4.7. Plots of Statistical Data¶
Here, we generate a data set of 200 random numbers to illustrate two standard plots that show the data distribution. The data was generated with a normal distribution random number generator.
d = 50 + 15*randn(1, 200); % normal mean=50, std=15
4.7.1. Box Plot¶
A box plot gives us a quick picture of the distribution of the data. The plot makes it easy to see the range of each 25% of the data (called quartiles). A box plot example is shown in figure Fig. 4.14. The vertical line at the bottom of the plot shows the lower limit value and extends up to the bottom of a box showing the first quartile, \(Q_1\). The box in the center represents the range of the middle 50% of the data. It goes from the first quartile, \(Q_1\), to the third quartile, \(Q_3\). There is a horizontal line at the second quartile, which is the median of the data. Then there is another vertical line from the third quartile to the upper limit value. The lower and upper limits may be the minimum and maximum values of the data. However, they are often found relative to the center region of the data so that outliers are excluded from the four quartiles. The range of the center region is called \(IQR\), \(IQR = Q_3 - Q_1\). The lower and upper limit values (\(LL\) and \(UL\)) are computed as \(LL = Q_1 - 1.5{\times}IQR\) and \(UL = Q_3 + 1.5{\times}IQR\). Any data points less than \(LL\) or greater than \(UL\) are classified as outliers, and may appear as scatter points in the box plot.
>> boxplot(d')

Fig. 4.14 A Box Plot with Quartiles Noted¶
The box plot function from MathWorks is part of the Statistics and
Machine Learning Toolbox, and a few free box plot functions are
available on the MathWorks File Exchange. Some of those use functions
from extra toolboxes. However, the free boxplot
function [LUENGO15] is a simple function that uses
only standard MATLAB functions.
The boxplot
function wants the data to be in a column vector because
it can make several box plots in a figure if each data set is a matrix
column.
4.7.2. Histogram¶
A histogram plot divides the data into regions (called bins) and shows how many values fall into each region. If the data size is large, a histogram plot will begin to take the shape of the PDF.

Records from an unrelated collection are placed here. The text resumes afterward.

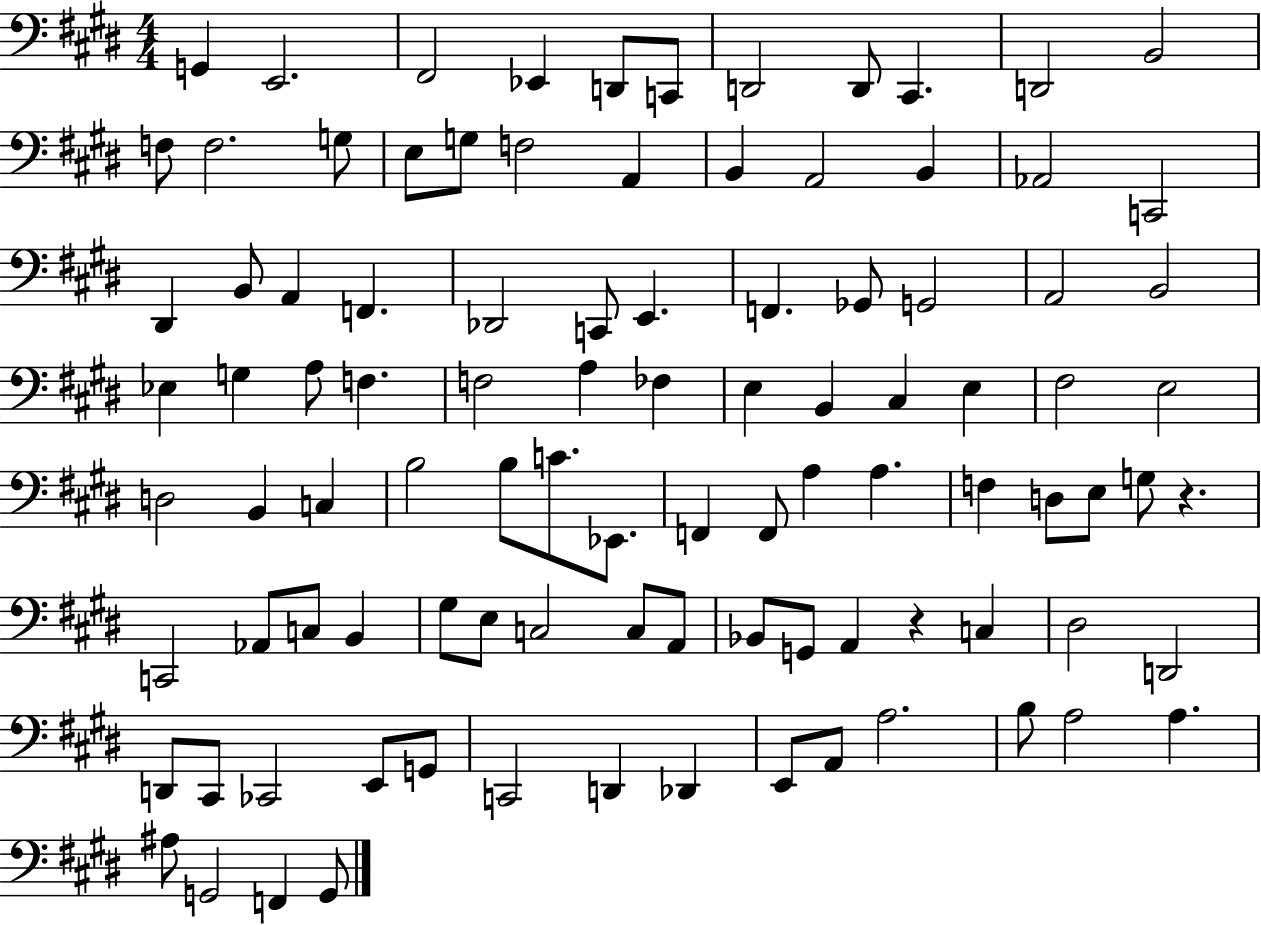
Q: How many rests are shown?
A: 2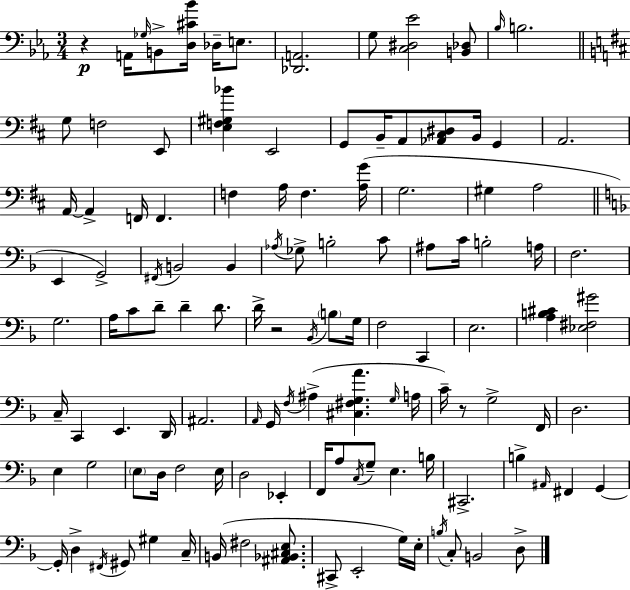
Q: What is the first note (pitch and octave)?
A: A2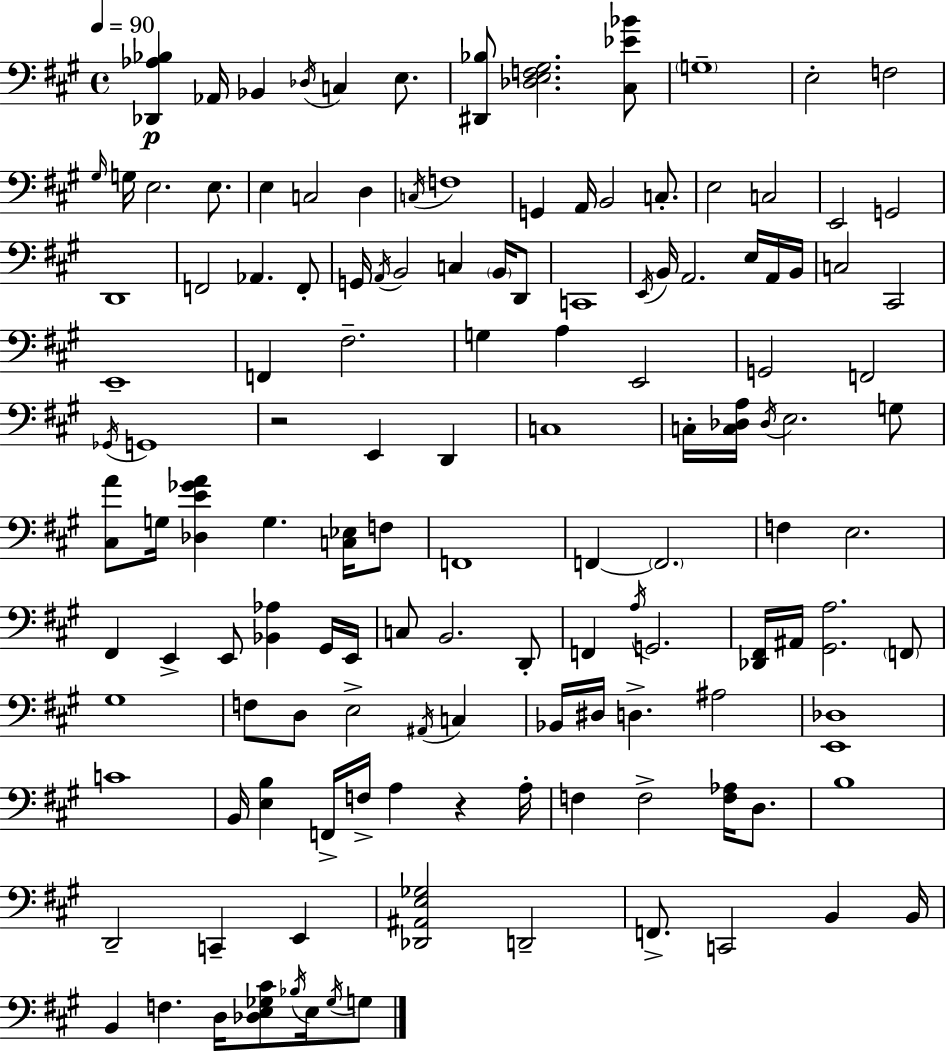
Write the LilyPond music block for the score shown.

{
  \clef bass
  \time 4/4
  \defaultTimeSignature
  \key a \major
  \tempo 4 = 90
  <des, aes bes>4\p aes,16 bes,4 \acciaccatura { des16 } c4 e8. | <dis, bes>8 <des e f gis>2. <cis ees' bes'>8 | \parenthesize g1-- | e2-. f2 | \break \grace { gis16 } g16 e2. e8. | e4 c2 d4 | \acciaccatura { c16 } f1 | g,4 a,16 b,2 | \break c8.-. e2 c2 | e,2 g,2 | d,1 | f,2 aes,4. | \break f,8-. g,16 \acciaccatura { a,16 } b,2 c4 | \parenthesize b,16 d,8 c,1 | \acciaccatura { e,16 } b,16 a,2. | e16 a,16 b,16 c2 cis,2 | \break e,1-- | f,4 fis2.-- | g4 a4 e,2 | g,2 f,2 | \break \acciaccatura { ges,16 } g,1 | r2 e,4 | d,4 c1 | c16-. <c des a>16 \acciaccatura { des16 } e2. | \break g8 <cis a'>8 g16 <des e' ges' a'>4 g4. | <c ees>16 f8 f,1 | f,4~~ \parenthesize f,2. | f4 e2. | \break fis,4 e,4-> e,8 | <bes, aes>4 gis,16 e,16 c8 b,2. | d,8-. f,4 \acciaccatura { a16 } g,2. | <des, fis,>16 ais,16 <gis, a>2. | \break \parenthesize f,8 gis1 | f8 d8 e2-> | \acciaccatura { ais,16 } c4 bes,16 dis16 d4.-> | ais2 <e, des>1 | \break c'1 | b,16 <e b>4 f,16-> f16-> | a4 r4 a16-. f4 f2-> | <f aes>16 d8. b1 | \break d,2-- | c,4-- e,4 <des, ais, e ges>2 | d,2-- f,8.-> c,2 | b,4 b,16 b,4 f4. | \break d16 <des e ges cis'>8 \acciaccatura { bes16 } e16 \acciaccatura { ges16 } g8 \bar "|."
}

The histogram function has several possible parameters, but the most
common usage is to pass two arguments—the data and the number of bins to
use. Another useful pair of options is
’Normalization’, ’probability’
, which scales the height of each bin
to its probability level, making a convenient overlay with another
histogram or PDF plot. An example histogram is shown in figure
Fig. 4.15.
histogram(d, 40)

Fig. 4.15 A Histogram Plot¶